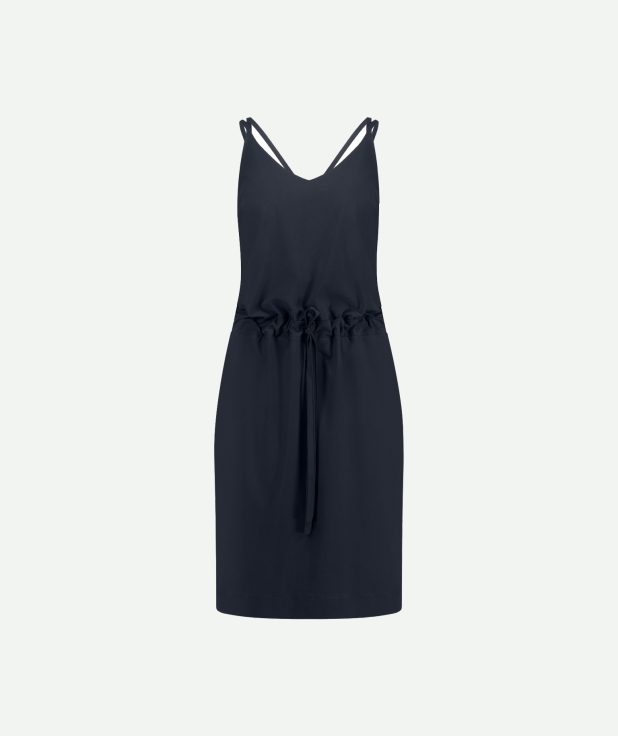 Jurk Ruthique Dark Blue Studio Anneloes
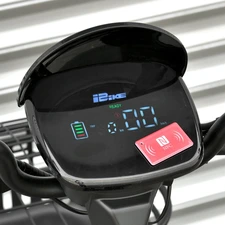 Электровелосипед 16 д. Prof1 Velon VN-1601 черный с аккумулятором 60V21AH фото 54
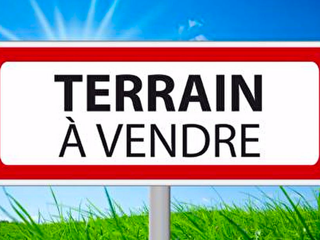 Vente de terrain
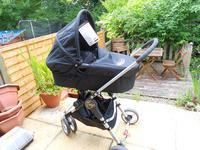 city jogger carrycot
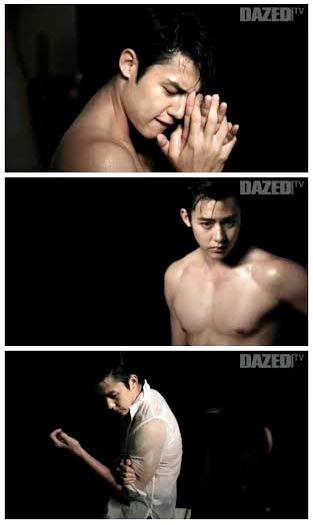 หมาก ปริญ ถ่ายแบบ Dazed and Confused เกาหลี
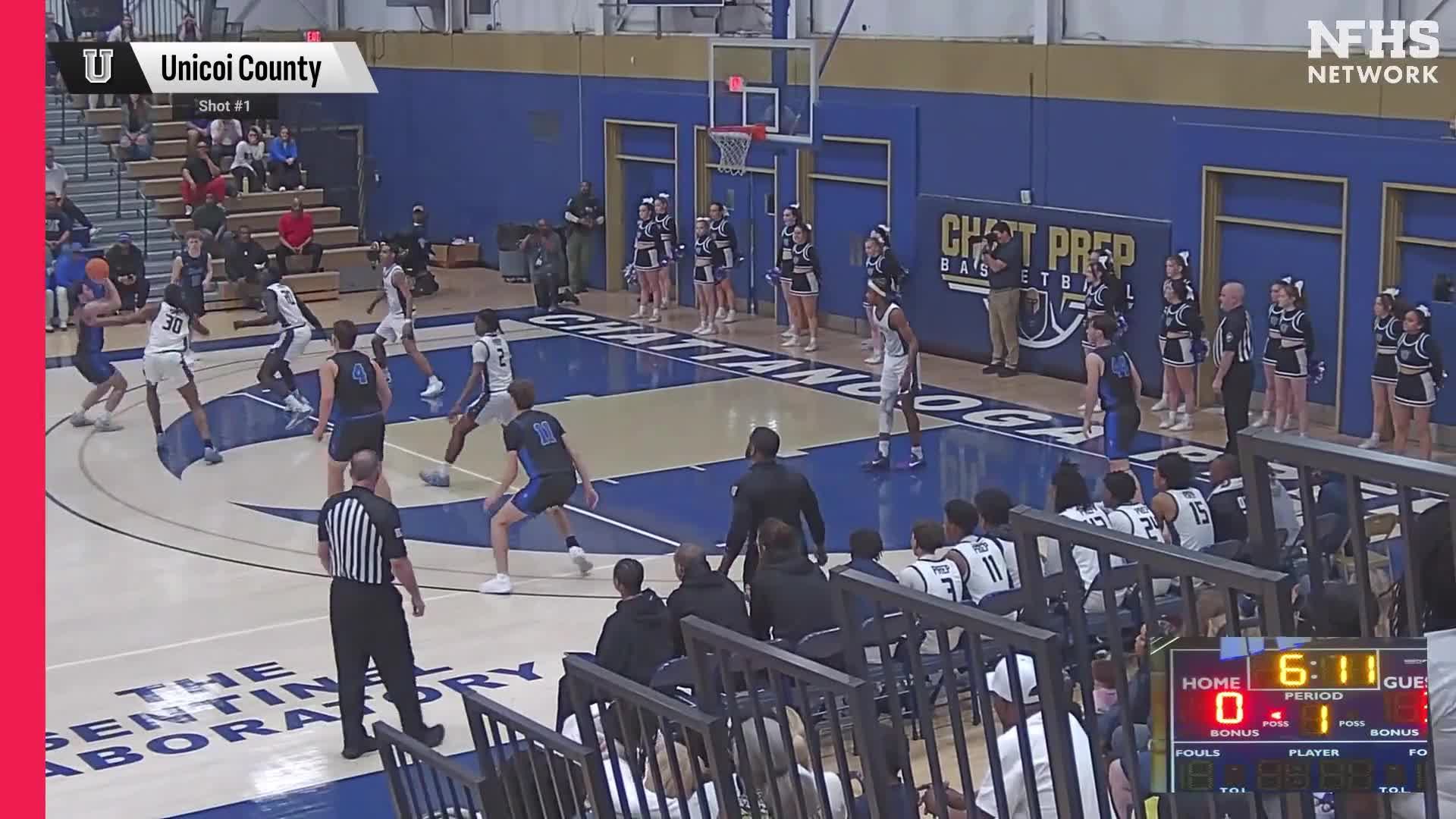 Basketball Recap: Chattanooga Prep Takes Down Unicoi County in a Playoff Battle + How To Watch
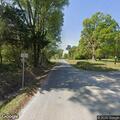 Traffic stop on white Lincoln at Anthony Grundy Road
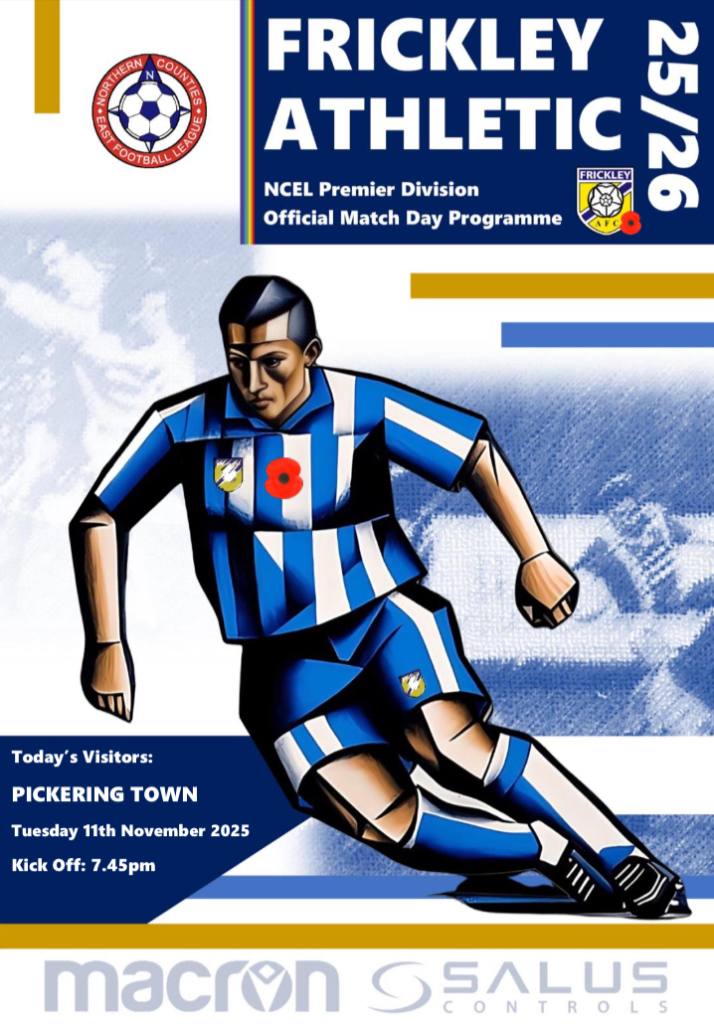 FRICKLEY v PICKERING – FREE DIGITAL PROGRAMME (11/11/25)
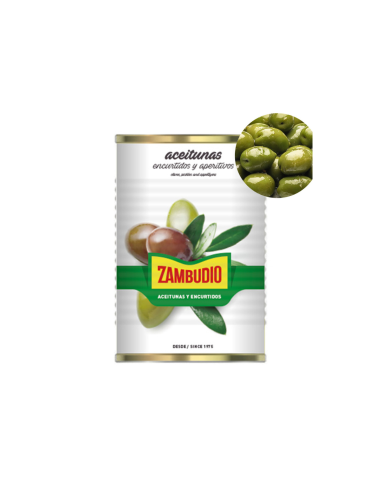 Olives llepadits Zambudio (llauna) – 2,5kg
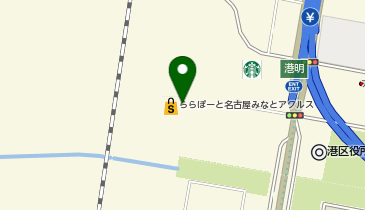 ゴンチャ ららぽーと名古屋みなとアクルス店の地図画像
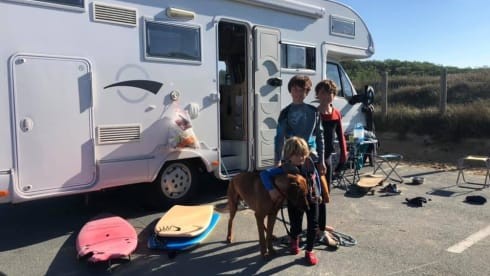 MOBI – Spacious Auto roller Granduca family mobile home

§ Work order
Pictures do not belong in the copy. Output all of the records exactly.

§ Solved problem
 Jurk Ruthique Dark Blue Studio Anneloes
 Электровелосипед 16 д. Prof1 Velon VN-1601 черный с аккумулятором 60V21AH фото 54
 Vente de terrain
 city jogger carrycot
 หมาก ปริญ ถ่ายแบบ Dazed and Confused เกาหลี
 Basketball Recap: Chattanooga Prep Takes Down Unicoi County in a Playoff Battle + How To Watch
 Traffic stop on white Lincoln at Anthony Grundy Road
 FRICKLEY v PICKERING – FREE DIGITAL PROGRAMME (11/11/25)
 Olives llepadits Zambudio (llauna) – 2,5kg
 ゴンチャ ららぽーと名古屋みなとアクルス店の地図画像
 MOBI – Spacious Auto roller Granduca family mobile home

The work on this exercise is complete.